In the entries that follow, the first line to write out is the one containing "Bio Schwarzer Knoblauch", and the last is the one containing "美品】 coach トートバッグ ダブルハンドル ブルー - メルカリ". Reproduce that stretch exactly, with nothing before or after it.
[Opening Data supplied section]
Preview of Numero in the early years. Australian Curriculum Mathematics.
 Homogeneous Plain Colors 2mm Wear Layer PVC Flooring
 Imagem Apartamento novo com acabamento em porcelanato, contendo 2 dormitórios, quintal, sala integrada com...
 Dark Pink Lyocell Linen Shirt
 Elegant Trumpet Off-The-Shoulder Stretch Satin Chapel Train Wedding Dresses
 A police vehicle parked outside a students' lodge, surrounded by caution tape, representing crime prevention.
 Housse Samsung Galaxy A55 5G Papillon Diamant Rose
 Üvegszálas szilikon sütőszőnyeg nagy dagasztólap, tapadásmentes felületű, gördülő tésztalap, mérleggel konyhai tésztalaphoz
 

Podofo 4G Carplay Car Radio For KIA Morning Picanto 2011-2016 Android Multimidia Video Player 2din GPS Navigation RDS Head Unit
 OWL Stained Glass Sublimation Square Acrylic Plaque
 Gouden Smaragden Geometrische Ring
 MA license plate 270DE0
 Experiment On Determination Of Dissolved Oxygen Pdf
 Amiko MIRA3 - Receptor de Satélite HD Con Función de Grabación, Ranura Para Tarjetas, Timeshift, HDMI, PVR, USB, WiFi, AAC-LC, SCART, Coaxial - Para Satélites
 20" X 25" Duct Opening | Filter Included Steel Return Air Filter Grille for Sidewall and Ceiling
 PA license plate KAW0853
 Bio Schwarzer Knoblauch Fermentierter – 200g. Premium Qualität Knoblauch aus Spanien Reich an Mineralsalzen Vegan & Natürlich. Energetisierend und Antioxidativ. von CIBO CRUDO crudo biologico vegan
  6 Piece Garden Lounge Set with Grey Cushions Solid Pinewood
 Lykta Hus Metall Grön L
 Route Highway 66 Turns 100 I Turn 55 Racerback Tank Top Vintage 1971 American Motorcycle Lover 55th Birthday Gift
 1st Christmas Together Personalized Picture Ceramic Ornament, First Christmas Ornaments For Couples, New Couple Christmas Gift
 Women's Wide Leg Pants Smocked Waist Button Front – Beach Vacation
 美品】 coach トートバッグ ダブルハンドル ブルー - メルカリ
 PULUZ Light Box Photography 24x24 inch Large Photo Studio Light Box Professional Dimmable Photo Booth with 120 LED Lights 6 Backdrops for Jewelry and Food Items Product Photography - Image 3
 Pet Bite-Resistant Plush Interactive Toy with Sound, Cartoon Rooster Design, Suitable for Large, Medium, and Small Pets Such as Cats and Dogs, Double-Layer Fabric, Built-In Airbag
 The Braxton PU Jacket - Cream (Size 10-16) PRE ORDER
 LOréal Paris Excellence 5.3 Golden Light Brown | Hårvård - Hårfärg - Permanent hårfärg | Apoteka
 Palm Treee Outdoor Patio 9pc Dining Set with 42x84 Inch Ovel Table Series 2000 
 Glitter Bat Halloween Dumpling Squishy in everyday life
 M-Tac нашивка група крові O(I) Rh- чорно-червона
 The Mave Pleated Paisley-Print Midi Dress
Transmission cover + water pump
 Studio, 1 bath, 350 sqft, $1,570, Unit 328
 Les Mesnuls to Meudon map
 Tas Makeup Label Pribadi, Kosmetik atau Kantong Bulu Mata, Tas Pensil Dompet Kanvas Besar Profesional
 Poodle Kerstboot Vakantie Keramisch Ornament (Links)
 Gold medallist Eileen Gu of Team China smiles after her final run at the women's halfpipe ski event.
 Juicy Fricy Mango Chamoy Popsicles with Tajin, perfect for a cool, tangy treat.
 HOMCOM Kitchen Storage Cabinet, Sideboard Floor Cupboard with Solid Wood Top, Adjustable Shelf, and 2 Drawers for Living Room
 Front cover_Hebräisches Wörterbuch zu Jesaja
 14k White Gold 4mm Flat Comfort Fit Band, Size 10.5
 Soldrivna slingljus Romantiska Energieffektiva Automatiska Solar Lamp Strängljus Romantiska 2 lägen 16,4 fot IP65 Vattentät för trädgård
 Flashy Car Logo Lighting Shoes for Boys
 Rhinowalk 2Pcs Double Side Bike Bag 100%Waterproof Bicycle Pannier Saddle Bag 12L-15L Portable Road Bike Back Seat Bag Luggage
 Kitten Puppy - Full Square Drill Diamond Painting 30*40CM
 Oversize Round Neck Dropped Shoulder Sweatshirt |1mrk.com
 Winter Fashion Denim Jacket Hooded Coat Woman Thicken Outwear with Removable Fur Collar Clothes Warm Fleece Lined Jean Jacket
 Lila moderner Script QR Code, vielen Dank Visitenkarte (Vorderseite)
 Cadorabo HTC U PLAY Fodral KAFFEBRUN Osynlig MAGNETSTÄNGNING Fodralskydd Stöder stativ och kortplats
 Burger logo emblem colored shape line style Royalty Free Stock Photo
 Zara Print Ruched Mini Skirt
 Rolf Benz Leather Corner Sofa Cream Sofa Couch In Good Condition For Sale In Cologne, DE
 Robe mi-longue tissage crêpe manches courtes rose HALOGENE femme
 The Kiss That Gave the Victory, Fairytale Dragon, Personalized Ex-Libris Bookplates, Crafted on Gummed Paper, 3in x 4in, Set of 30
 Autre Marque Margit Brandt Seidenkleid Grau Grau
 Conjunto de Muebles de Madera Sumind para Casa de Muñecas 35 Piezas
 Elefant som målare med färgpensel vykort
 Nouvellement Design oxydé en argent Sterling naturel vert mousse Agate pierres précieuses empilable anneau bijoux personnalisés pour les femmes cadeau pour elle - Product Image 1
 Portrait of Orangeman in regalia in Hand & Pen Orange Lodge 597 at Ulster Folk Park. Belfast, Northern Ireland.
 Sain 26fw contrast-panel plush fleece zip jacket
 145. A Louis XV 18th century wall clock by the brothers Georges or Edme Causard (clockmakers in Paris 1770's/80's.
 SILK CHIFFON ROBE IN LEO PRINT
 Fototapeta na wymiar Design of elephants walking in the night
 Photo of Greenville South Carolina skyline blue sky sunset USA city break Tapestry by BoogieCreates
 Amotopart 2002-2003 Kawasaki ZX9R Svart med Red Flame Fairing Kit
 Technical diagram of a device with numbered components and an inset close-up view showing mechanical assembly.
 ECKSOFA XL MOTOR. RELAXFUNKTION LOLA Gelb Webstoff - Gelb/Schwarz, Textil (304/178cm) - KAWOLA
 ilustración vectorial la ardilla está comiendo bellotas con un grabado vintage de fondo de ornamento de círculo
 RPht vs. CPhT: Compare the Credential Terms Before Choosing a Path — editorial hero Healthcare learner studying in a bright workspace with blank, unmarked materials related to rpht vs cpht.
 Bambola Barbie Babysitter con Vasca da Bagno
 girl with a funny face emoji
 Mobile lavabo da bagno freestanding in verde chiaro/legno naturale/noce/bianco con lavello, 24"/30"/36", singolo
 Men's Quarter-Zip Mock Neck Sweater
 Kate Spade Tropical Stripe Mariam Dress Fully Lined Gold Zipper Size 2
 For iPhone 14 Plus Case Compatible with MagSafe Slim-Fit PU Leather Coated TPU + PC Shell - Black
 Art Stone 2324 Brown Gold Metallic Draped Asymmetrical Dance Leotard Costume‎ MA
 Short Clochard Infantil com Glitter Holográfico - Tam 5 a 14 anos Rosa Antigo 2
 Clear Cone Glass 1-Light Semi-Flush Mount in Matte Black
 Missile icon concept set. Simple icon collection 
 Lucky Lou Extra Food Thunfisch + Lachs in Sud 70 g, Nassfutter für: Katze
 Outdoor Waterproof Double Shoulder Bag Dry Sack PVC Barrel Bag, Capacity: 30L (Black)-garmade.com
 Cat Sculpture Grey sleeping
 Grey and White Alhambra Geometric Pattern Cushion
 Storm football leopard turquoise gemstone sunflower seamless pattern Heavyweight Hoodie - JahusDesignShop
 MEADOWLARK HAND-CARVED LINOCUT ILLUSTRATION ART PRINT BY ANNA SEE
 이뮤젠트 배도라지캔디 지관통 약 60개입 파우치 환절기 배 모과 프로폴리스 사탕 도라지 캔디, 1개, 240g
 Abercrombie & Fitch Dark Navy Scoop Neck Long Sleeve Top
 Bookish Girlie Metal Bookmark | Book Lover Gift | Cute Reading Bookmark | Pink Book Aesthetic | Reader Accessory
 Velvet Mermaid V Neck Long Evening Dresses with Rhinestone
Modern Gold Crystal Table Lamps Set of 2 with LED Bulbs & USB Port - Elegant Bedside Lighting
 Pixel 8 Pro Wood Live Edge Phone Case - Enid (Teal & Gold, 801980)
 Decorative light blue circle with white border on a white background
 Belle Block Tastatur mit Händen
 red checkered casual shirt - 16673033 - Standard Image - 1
[Closing Data supplied section]
### Final answer
 Bio Schwarzer Knoblauch Fermentierter – 200g. Premium Qualität Knoblauch aus Spanien Reich an Mineralsalzen Vegan & Natürlich. Energetisierend und Antioxidativ. von CIBO CRUDO crudo biologico vegan
  6 Piece Garden Lounge Set with Grey Cushions Solid Pinewood
 Lykta Hus Metall Grön L
 Route Highway 66 Turns 100 I Turn 55 Racerback Tank Top Vintage 1971 American Motorcycle Lover 55th Birthday Gift
 1st Christmas Together Personalized Picture Ceramic Ornament, First Christmas Ornaments For Couples, New Couple Christmas Gift
 Women's Wide Leg Pants Smocked Waist Button Front – Beach Vacation
 美品】 coach トートバッグ ダブルハンドル ブルー - メルカリ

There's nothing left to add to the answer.